I looked up and saw a plane whizzing across the sky and then the bombs started crashing down in one gigantic row. I went on pulling the curtains but a piece of shrapnel came through and went between myself and my arm and lodged itself between the gramophone and a magazine that was on top. Another piece went across my head and a small piece cut my daughter's forehead. My small son just turned round and said: ‘Naughty man made a mess.’ But my daughter who was older was obviously distressed. I thought I had better get her a drink and the little girl’s throat seemed to close up completely. I suppose it was shock.

In the process of drawing the curtains with the piece that whizzed over my head, I hadn't taken very much notice but I kept smelling burning. I thought something must be on fire and that worried me more than anything else. So I rushed round the house looking for burning but I couldn't find anything. As was natural in the circumstances, I put my hand to my head and found my hair had come away. I had been shaved across the front of my head and then had a fringe for a few months.

The captain of the Canadians came round and said: ‘Are you all right?’ I said: ‘Yes but there's a bit of a mess.’ So he said well come here. I climbed over the doors which had been broken down and the Sainsbury's boy and the postman were lying on the ground. He whispered to me: ‘I'm afraid they're dead.’

The fact that the boy, whom I had got to know quite well, had died worried me. I thought it was so dreadful that a young boy of, I suppose, about 16 had been killed. He had been so keen to go into the army. I had said to him once, you are too young. He had said: ‘Yes, I'm afraid it will all be over before I'm old enough to join in.’ I didn't know his name. [see above, John Simms, age 14]

We all assembled again and put our heads together. I decided I had better phone my husband and let him know what had happened and he decided to come home. We packed up our things as a lady in Ashtead had said she would take us in for the time being. The army lorry turned them all over and I stopped behind to write down the name and address for anybody that wanted to know where we had gone. I rushed out, only to find that the lorry had gone without me.

I was at a little bit of a loss but I just thought I am sure I can find them. I went down on to the road but the siren went again and I took shelter. An elderly man came in while I was there, the owner of that house, and said he had spent the morning in the ditch as he thought that was the best place to stay. He looked as though he had been in the ditch.
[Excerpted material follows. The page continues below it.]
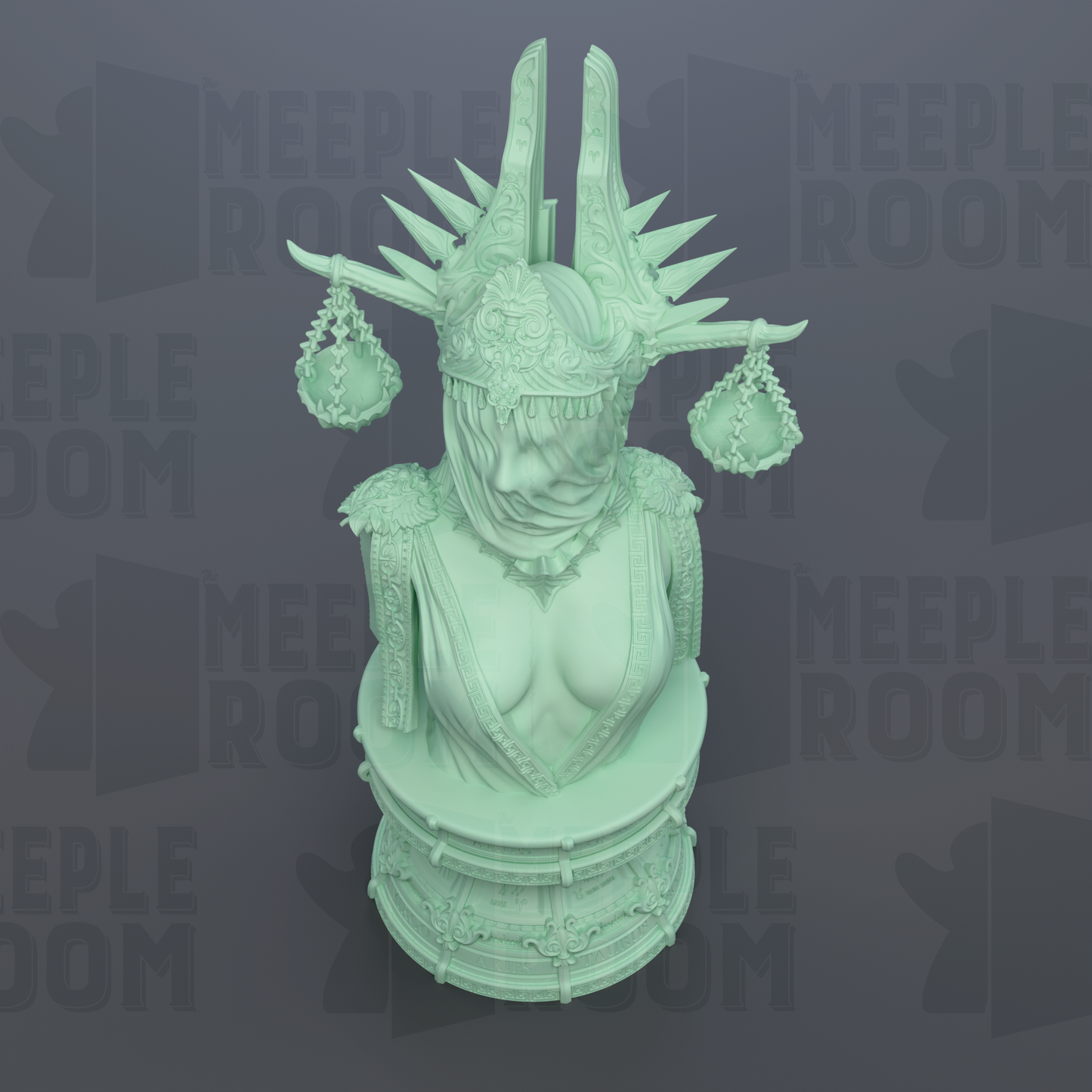 A green statue of a woman with an elaborate headdress and ornate jewelry, set against a dark background with repeated text.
I got a bus to Ashtead and the famous Leg of Mutton pub but they were so full of people they couldn't take me in. So I went down Woodfield Lane and that name struck a chord. I thought this is where they are. The siren went again so I went into a lady's house, told her we had been bombed out and asked if I could stay there. She said yes and we chatted on the stairs.

I came out, walked down the road and met three girls. I said: ‘Have you seen an army lorry delivering children plus contents?’ and they said: ‘Yes, they are at our house.’ It was the most extraordinary thing that I should happen to hit on that one person.
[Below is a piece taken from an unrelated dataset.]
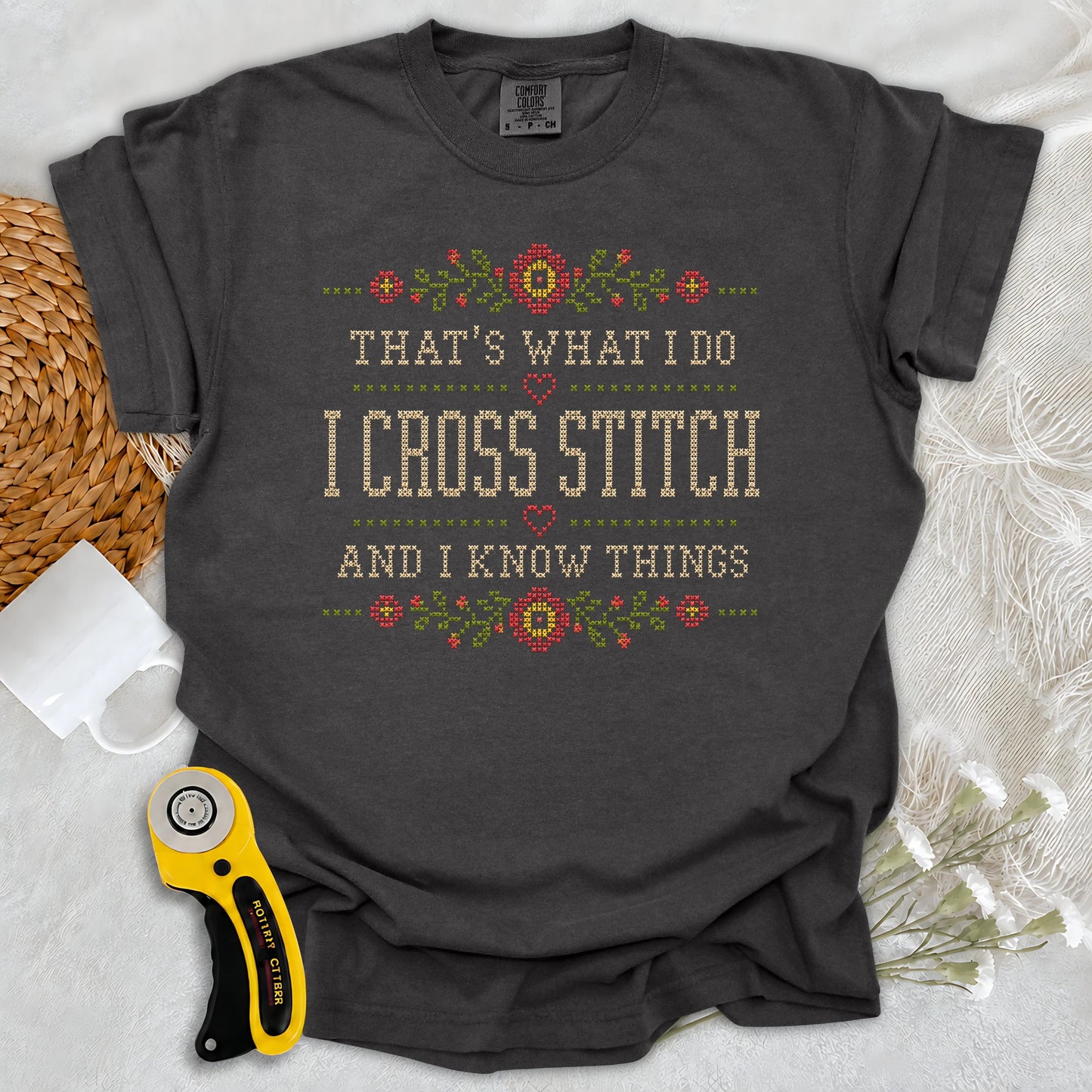 Comfort Colors Cross Stitch & Know Things T-Shirt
My friend came round and said: ‘The soldiers are in a terrible way. Have you got a bottle of brandy?’ I said yes and gave them a bottle, thinking that I might get it back. Of course I didn't, not a drop. Unfortunately one of the soldiers although he wasn't touched in any way, died of shock three weeks later."

Her husband, Mr Maurice Browning said they had subsequently discovered that a whole cache of 72 bombs had been dropped. He explained:

"We think they were attacked by one of our Hurricanes or Spitfires and that they unloaded their whole load in one spot. It stretched from here to the Warren estate at Ashtead, effectively a straight line. We had five or six bombs within about 50 yards of this house.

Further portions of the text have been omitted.